Mozilla is concerned about Microsoft’s decision to ditch EdgeHTML Ryan is a senior editor at TechForge Media with over a decade of experience covering the latest technology and interviewing leading industry figures. He can often be sighted at tech conferences with a strong coffee in one hand and a laptop in the other. If it's geeky, he’s probably into it. Find him on Twitter (@Gadget_Ry) or Mastodon (@gadgetry@techhub.social)


The open internet advocates at Mozilla have shared their concern that Microsoft’s decision to ditch EdgeHTML hands too much power to Google.

Microsoft announced it would be dropping its EdgeHTML rendering engine for its desktop Edge browser in favour of Chromium next year. The company uses Chromium for its Android version but has now scrapped an EdgeHTML transition plan.

Chromium is an impressive engine, but a reduction in competition is a concern. There’s less incentive to invest when you’re a market leader and too much power centralised in one place is rarely good.

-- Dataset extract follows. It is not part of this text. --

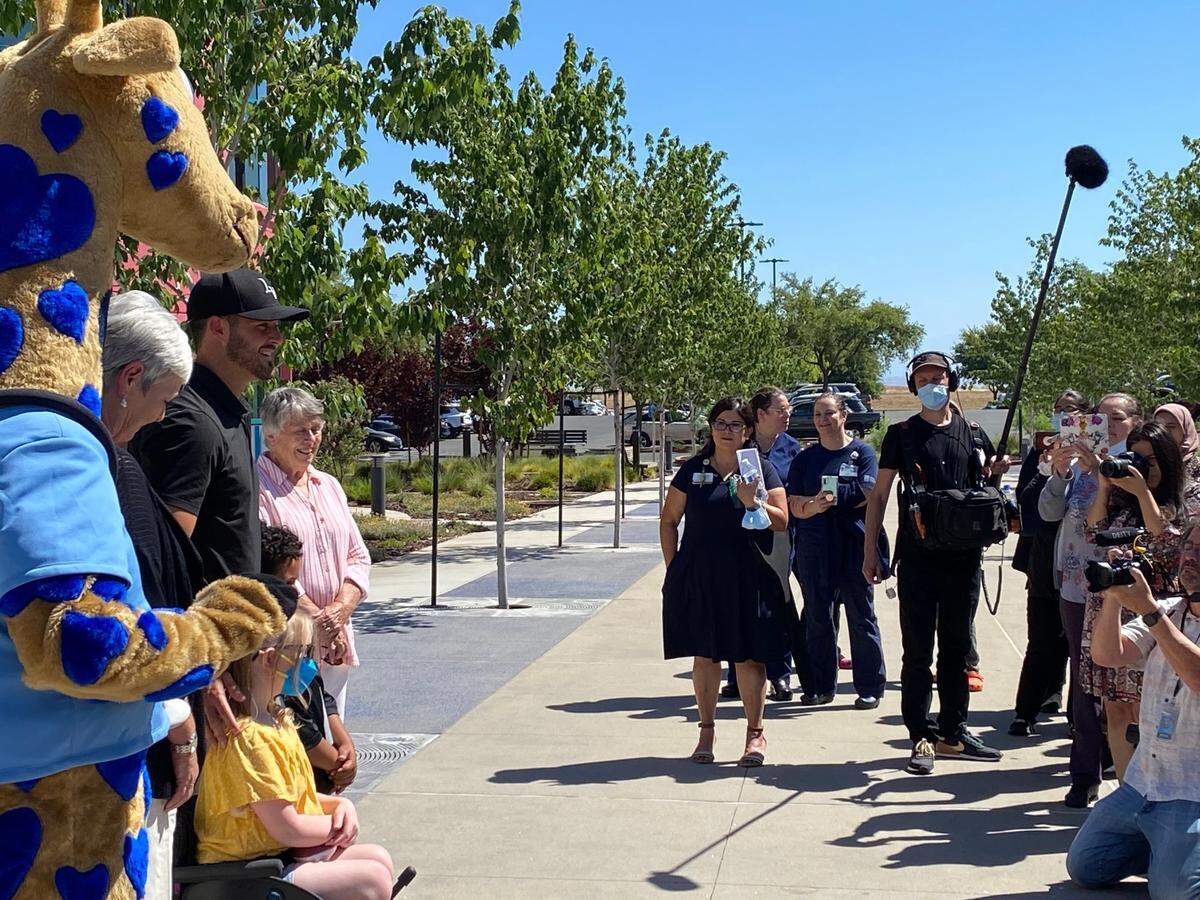 Former Fresno State football star and current Las Vegas Raiders quarterback Derek Carr takes a photo with staff and patients during a celebration of the opening of the newly renovated children’s playground at Valley Children’s Hospital on Friday, June 10, 2022.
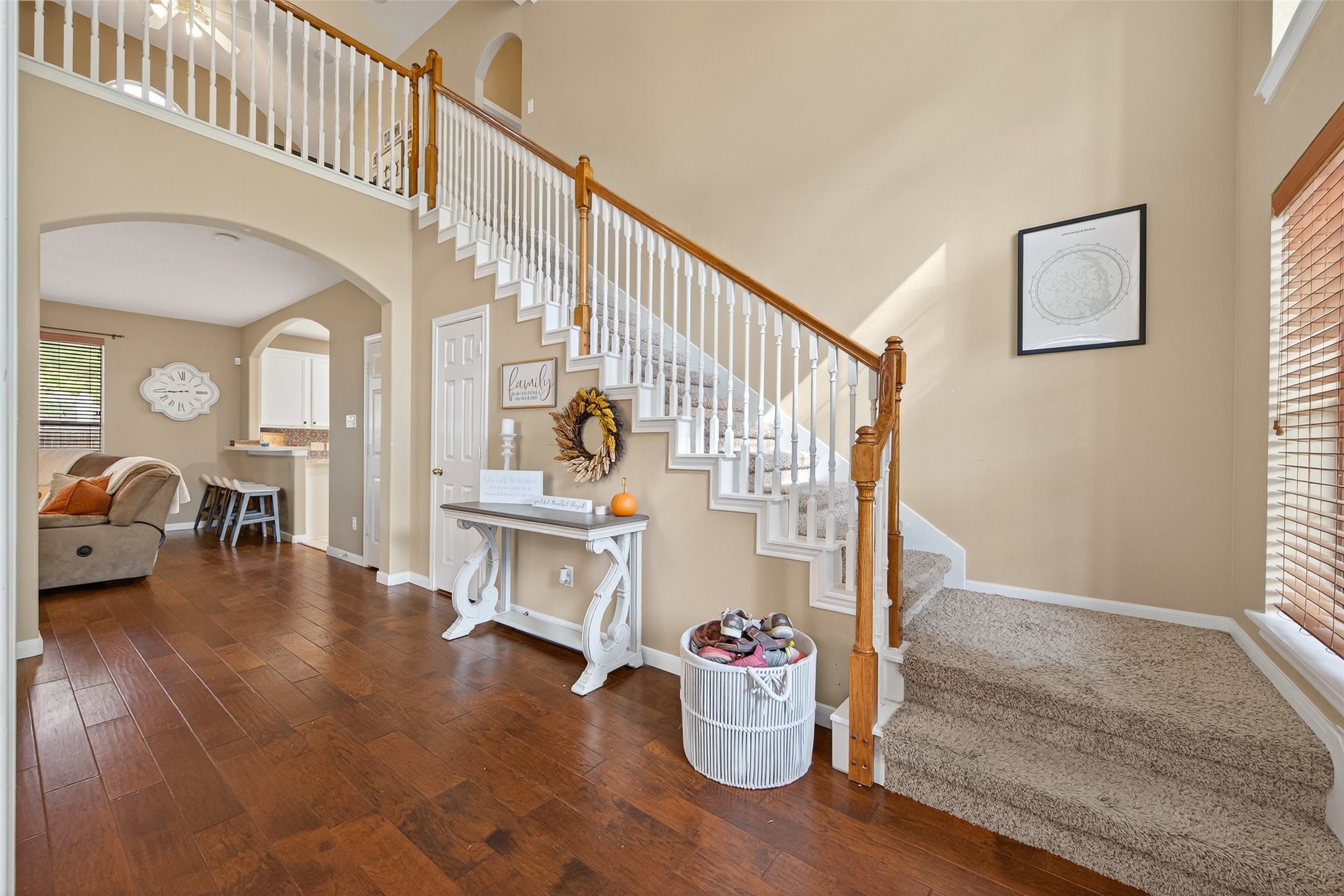 59 Genesee Ridge Drive Conroe, TX 77385 - Photo 8 of 44 a living room with couches and a dining table with wooden floor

In a blog post, Mozilla CEO Chris Beard wrote:

"The ‘browser engines’ — Chromium from Google and Gecko Quantum from Mozilla — are ‘inside baseball’ pieces of software that actually determine a great deal of what each of us can do online.

They determine core capabilities such as which content we as consumers can see, how secure we are when we watch content, and how much control we have over what websites and services can do to us.

Microsoft’s decision gives Google more ability to single-handedly decide what possibilities are available to each one of us."

Mozilla’s own engine, Gecko Quantum, now stands as the only major alternative. Most browsers – including Opera, Brave, and Vivaldi – all use Chromium. With Edge aligning with Chromium, Firefox stands as the resistance to Google-dominated browsing.

If a monopoly occurs, developers and businesses stop worrying about whether their sites and services work on anything other than Chromium. Exactly what happened with Internet Explorer back in the early ‘00s.

Beard acknowledges that from a business perspective, Microsoft’s decision could make a lot of sense. It’s difficult to be profitable fighting Google with its existing uptake, resources, unique assets, cash, and talent.

Mozilla, to its credit, is going to continue its open internet mission.

“We compete with Google not because it’s a good business opportunity,” wrote Beard. “We compete with Google because the health of the internet and online life depend on competition and choice.”